02 December 2009

The 38th Signal: An Open Invite to Jason Fried

I'm more artist than entrepreneur, so my business manager (i.e., my husband) scans periodicals like the Wall Street Journal and Inc. in search of crumbs of information and insight I might want to link up with an idea from a book, poem, movie or experience and develop into a blog post.

Meanwhile, I try to slog through One Hundred Years of Solitude in time for a discussion group and gaze longingly at the unwieldy stack of other books I'd rather read (see photo at right) piling up on my work table. Chances are each one will become part of a mishap involving one of my cats (that's Katie marking them with a rub) at least twice before I get to them--IF I get to them. Some are fiction, some are nonfiction, some are poetry, and some are prose; I love them all!

I also love--okay, more accurately, really like--a lot of what entrepreneur Jason Fried says in Inc. magazine's November 2009 "The Way I Work" feature, which hubby flagged for me most recently. Fried is the 30-something co-founder of 37Signals, a Chicago-based tech firm launched in 1999. Here are some of his very cool statements:
"I don't believe in the 40-hour workweek, so we cut all that BS about being somewhere for a certain number of hours. I have no idea how many hours my employees work--I just know they get the work done."
"We rarely have meetings.
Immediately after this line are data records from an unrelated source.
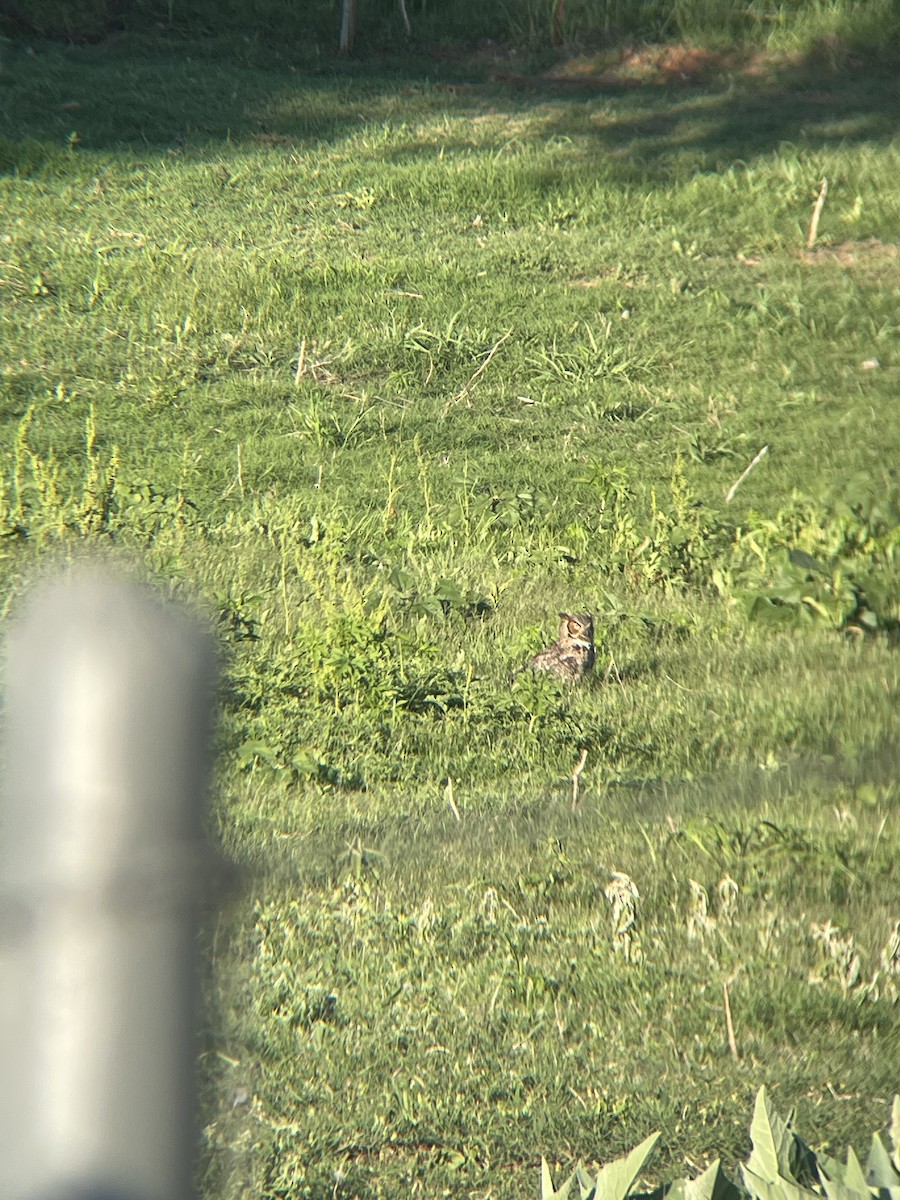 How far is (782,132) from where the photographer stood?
27.5ft

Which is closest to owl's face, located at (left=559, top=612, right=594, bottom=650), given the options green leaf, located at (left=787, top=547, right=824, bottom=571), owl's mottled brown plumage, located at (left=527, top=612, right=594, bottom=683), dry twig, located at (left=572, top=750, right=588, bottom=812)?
owl's mottled brown plumage, located at (left=527, top=612, right=594, bottom=683)

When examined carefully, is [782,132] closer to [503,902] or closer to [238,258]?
[238,258]

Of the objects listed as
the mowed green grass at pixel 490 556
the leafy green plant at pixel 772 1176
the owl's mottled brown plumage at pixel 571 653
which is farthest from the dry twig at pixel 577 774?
the leafy green plant at pixel 772 1176

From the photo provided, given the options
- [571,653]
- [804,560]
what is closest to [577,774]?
[571,653]

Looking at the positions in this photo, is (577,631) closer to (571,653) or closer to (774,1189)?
(571,653)

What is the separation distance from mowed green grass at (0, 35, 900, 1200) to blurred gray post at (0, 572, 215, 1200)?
0.12m

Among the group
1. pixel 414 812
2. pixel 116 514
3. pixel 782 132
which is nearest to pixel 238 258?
pixel 116 514

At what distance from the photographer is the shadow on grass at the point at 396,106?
27.0 ft

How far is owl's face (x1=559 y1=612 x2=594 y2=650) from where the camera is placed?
330 centimetres

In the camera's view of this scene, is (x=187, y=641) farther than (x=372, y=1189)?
No

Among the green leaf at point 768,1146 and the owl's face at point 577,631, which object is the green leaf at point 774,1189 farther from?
the owl's face at point 577,631

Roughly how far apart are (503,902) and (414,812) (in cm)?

I hate them. They're a huge waste of time, and they're costly...they chop your day into small bits, so you have only 20 minutes of free time here or 45 minutes there. Creative people need unstructured time to get in the zone. You can't do that in 20 minutes."
"After lunch, I get a little lazy between 1 p.m. and 3 p.m. I don't feel that productive, so I'm usually screwing around, which I think is really important."
 "I like to read in the middle of the day, to give myself a break."
So far, so good. I especially like that last statement, because reading is a passion with me. But alas, my enchantment ends with the very next set of quoted words out of Fried's mouth: "I don't read fiction. I find it a waste of time. There are so many amazing things that are real; I don't need to spend any time on a made-up story."

Huh. So much for "screwing around."

I agree, there are many amazing things that are "real"; I just happen to think fiction is also one them. More than that, fiction is good for you. That said, Fried's attitude isn't unique. As a writer and writing teacher, I've heard many down-to-earth, upstanding folk say they think fiction is something untrue and they should neither read nor write it. But these views could use some reframing.

Here's how my teachers explained it to me when I studied fiction and creative writing in college: Fiction is something more true than mere fact, true in a "Yes, that feels right in my bones" way. It may or may not have been made up in whole or in part. Often it begins in something that really did happen. But then, as it becomes crafted or fashioned, it differs from an historical event. It is the story of something, rather than its history, but no less true because we touch it with our minds and our feelings instead of our fingers and our wristwatches.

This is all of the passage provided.